The village was founded on the site of a Roman settlement, set up in the first half of the 2nd century (probably right after the province was conquered), which existed until the last quarter of the 3rd century. Archaeological researches discovered one of the largest pottery centres in Roman Dacia, wall foundations, roof tiles and a treasure containing 168 Roman coins, of which 165 are imperial and 3 are republican.
The first documentary attestation dates from June 3, 1267, when Stefan, ruler of Transylvania and co-regent of Hungary, instructs the cathedral chapter of Alba Iulia, nobleman Nicolaus, his son Jula and his grandson Jula Magnus to take over some estates among which Mediaş and Mykaszáza2.
Priest “Johannes von Michazaz” is member of the clergy in Târnava Mare. In 1322, the king concedes Micăsasa, Valea Lungă, Pănade and Şona to magister Nikolaus, son of Corrardus von Talmesch. Some misunderstandings occur and, in 1359, the king orders that the estates having been unlawfully occupied by the Grafs in Şeica Mare and Şeica Mică be returned to their old owners.
In 1365, the village appears among the settlements belonging to the cathedral chapter of Bălcaciu. On August 19, 1365, “Because oblivion is the mother of denunciation, the eldmother of peace and the instigator of disputes, it is necessary that what is lawfully intended be backed up with greater attention by evidence in writing” “comitibus de villa Fugonis et eorum complicibus” (to the county rulers in Micăsasa and their abettors). It was about a new mill constructed by the people of Şeica Mică, which would have deranged the mill of the county rules in Micăsasa.
In 1426, the two daughters of Thomas of Cluj, Dorothea and Margaretha, became the owners of Micăsasa, which no longer belonged to the king.
The map of Transylvania, published by Honterus in Basel in 1532, makes reference to Micăsasa village (of course, to the town of Mediaş as well).
In 1673, the Hungarian noblemen in Micăsasa describe the decaying state of the village church and they ask for approval to repair it. Bishop Adami allows the repair of the church but with the observance of the following requirements:
- Never in future be issued any claim over the church, the church courtyard or the bells, and never intrude upon the priest in performing his duties.
- The priest receive the tithe from Saxons, Hungarians and Romanians; and
- Never try to expel the priest from the village.
As the requirements were not met, in 1676 the head of the cathedral chapter of Bălcaciu is instructed by the synod to notify the violations. In 1762, a visit to church revealed that there were few participants in the religious sermon. About 100 of Romanian, Hungarian and Saxon families were then living in the village.
In 1776, according to a court sentence in a murder trial, the priest, the cantor, a mill worker and a servant of Micăsasa were beheaded in the village of Târnava Mare (Proştea Mare).
In 1787, Gh. Şincai set up a Romanian school in Micăsasa, the first schoolteacher being Mihai Renci.

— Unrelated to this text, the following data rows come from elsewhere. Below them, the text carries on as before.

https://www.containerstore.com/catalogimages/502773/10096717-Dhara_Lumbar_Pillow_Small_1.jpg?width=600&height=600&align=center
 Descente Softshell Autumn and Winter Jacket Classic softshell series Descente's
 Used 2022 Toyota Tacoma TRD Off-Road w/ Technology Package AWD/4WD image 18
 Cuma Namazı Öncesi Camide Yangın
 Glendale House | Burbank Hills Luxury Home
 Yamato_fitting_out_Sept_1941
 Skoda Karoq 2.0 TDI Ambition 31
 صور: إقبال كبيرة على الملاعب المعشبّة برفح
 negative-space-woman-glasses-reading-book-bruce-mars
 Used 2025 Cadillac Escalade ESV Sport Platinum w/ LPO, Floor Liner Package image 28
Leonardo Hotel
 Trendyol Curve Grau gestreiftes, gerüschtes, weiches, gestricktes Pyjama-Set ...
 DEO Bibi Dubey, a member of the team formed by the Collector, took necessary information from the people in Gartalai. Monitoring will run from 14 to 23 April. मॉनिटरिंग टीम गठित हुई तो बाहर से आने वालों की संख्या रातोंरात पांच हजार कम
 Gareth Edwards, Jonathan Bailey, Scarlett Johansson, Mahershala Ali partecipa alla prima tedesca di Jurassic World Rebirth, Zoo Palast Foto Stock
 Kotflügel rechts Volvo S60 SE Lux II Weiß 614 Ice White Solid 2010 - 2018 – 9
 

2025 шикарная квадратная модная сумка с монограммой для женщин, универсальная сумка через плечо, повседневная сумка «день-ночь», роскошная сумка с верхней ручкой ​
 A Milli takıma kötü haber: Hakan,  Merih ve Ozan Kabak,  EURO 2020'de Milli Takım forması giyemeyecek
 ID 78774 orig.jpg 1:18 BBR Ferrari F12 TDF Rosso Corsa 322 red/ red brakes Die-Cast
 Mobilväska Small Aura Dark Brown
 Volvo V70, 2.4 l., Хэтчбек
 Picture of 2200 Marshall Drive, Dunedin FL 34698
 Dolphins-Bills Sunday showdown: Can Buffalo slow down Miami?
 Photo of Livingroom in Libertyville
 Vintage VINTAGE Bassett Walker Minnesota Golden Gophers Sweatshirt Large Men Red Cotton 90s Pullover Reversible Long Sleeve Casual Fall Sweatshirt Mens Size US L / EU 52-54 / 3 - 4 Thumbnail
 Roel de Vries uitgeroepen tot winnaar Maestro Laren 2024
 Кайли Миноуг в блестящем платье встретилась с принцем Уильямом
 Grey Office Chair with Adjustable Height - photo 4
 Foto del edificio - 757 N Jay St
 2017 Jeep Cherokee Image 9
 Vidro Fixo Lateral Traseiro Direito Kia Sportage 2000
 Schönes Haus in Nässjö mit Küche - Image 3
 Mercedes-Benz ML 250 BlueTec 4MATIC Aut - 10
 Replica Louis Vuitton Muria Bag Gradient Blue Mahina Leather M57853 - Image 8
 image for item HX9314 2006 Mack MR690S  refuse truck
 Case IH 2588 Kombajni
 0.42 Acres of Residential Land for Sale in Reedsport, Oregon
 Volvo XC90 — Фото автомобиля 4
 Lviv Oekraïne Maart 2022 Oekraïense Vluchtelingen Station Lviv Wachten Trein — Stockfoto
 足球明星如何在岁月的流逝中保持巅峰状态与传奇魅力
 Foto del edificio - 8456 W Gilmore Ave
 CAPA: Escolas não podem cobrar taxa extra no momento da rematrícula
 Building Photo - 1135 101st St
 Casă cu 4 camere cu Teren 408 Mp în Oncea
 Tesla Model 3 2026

In 1782, the king granted the Evangelic church to the Roman-Catholic community, so that in 1791 the Hungarian noblemen embezzled the largest part of the church wealth. Micăsasa is located in the transition area between the regions dwelt by Romanians, Hungarians and Saxons, and this location also affected the destiny of the village church which is a historic monument.
The church constructed in the 14th century was a Gothic basilica made up of choir and hall. At the beginning of the 18th century, the owner of the estates, Baron Adam Radak, of Reformed religion, married Countess Olga Lazăr, of Catholic religion. The dilemma that occurred was settled as Columbus solved the egg issue: the Baron ordered that the church be divided in two, and granted the choir to Catholic believers and a western part of the hall to Reformed believers. Such a state has remained unchanged for three hundred years, only it is not recorded in the Guinness Book of World Records. Even the bells were divided: the 1591 bell, carved with the inscription “Anno Domini 1591”, belongs to the Calvin community, and the 1649 bell, bearing the inscription “Sub Afficio Pastoratu S Ana CUTS RENOVAT EST 1649”, to the Catholic believers. To my great sorrow, the church was closed, the person in charge with the keys could not be found, so I did not succeed in getting beyond the southern wall of the former nave, now a decorative wall.
The Gothic ribbed vault of the choir is supported by tori which correspond outside to three-step buttresses, but such archaisms are not exceptions. Anyhow, the flamboyant mouldings of the windows are a telling proof of late Gothic period. The sacramental bay of the tabernacle and a sedile are on the southern wall. The choir has a polygonal apse, on one of its sides being one of the two pointed-arch bipartite windows. Both churches have two small portals on the southern side. The western hall has a flat ceiling and lacks Gothic decorations. Only the southern wall survived from the central nave throughout the centuries.